Koninklijke Porceleyne Fles
Het Nederlandse Delfts Blauw valt ook onder faience. In Italië, Frankrijk, Scandinavië en Spanje wordt dit type aardewerk ook wel majolica genoemd. Tegenwoordig wordt al het poreuze aardewerk, gevormd in mallen, al dan niet beschilderd en voorzien van een laagje glazuur, dikwijls ook met het woord plateel aangeduid. In de bloeiperiode van de Delftse plateelbakkerij (ongeveer 1650 – 1760) telde die stad een dertigtal bakkerijen. In 1800 was er nog slechts een tiental over en na 1854 slechts één.
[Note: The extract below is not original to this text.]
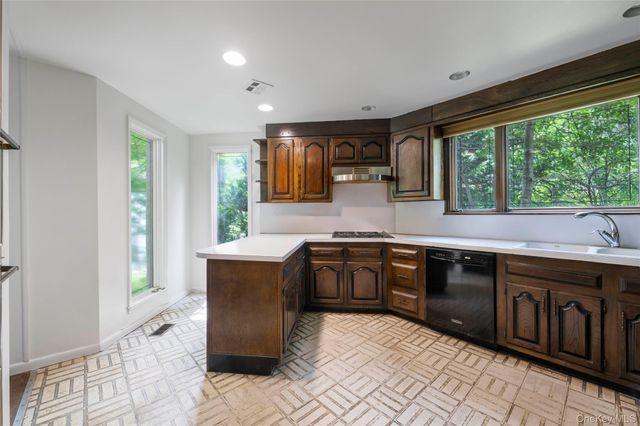 5250 Arlington Avenue, Bronx, NY 10471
Die ene bakkerij is thans nog werkzaam als de Koninklijke Porceleyne Fles en is opnieuw beroemd geworden door de vervaardiging van zogenaamd Delfts blauw.
Verfijnde kleuren in Jugendstil
Kort voor 1900 kregen kunstenaars opnieuw belangstelling voor de toegepaste kunsten. Zij maakten ontwerpen voor de industrie in de stijl van de nieuwe kunst de Jugendstil. Beroemde producten leverden de fabrieken van Sèvres, Berlijn en Kopenhagen en de Wiener Werkstätte. In Nederland waren de plateelfabrieken Rozenburg, Amstelhoek en de Distel zeer bekend. De vloeiende contouren, verfijnde kleuren en de natuurlijke vormen zijn een voorbeeld van het vernieuwende karakter van de Jugendstil.
Theodoor Colenbrander
Vanaf 1910 maakten de zachte tinten en welvingen van de Jugendstil plaats voor hardere kleuren. De bloeitijd van dit sieraardewerk duurde tot ca. 1930. Talentvolle kunstenaars werkten samen met ambachtelijke plateelbakkers in de stijlen Art Nouveau en Art Deco. Een van de bekendste kunstenaars rond de eerste wereldoorlog was Theodoor Colenbrander (1841-1930).
Neergang en massa-aarderwerk
Daarna werd het functionele van groter belang met vaak ongedecoreerde massaproducten. Na toch nog een opleving van de aardewerkindustrie na de tweede wereldoorlog ontstond er rond 1965 een nieuwe neergang. Massaproductie uit het buitenland was daar de oorzaak van. Het gevolg was dat de Nederlandse aardewerkindustrie moderniseerde met daar weer als gevolg op dat het betrekkelijk goedkope massa-aardewerk niet meer de artistieke kwaliteit van voorheen had. Met de hand beschilderen van plateel werd verdrongen door machinaal werk.
Keramiek niet verwacht
Maar keramiek vinden we niet alleen bij kunstvoorwerpen of gebruiksartikelen. Keramiek komt ook voor in producten waar we dat niet meteen in verwachten. Zo zijn essentiële delen van bijvoorbeeld een scheerapparaat of een Senseo-koffiezetapparaat van keramiek.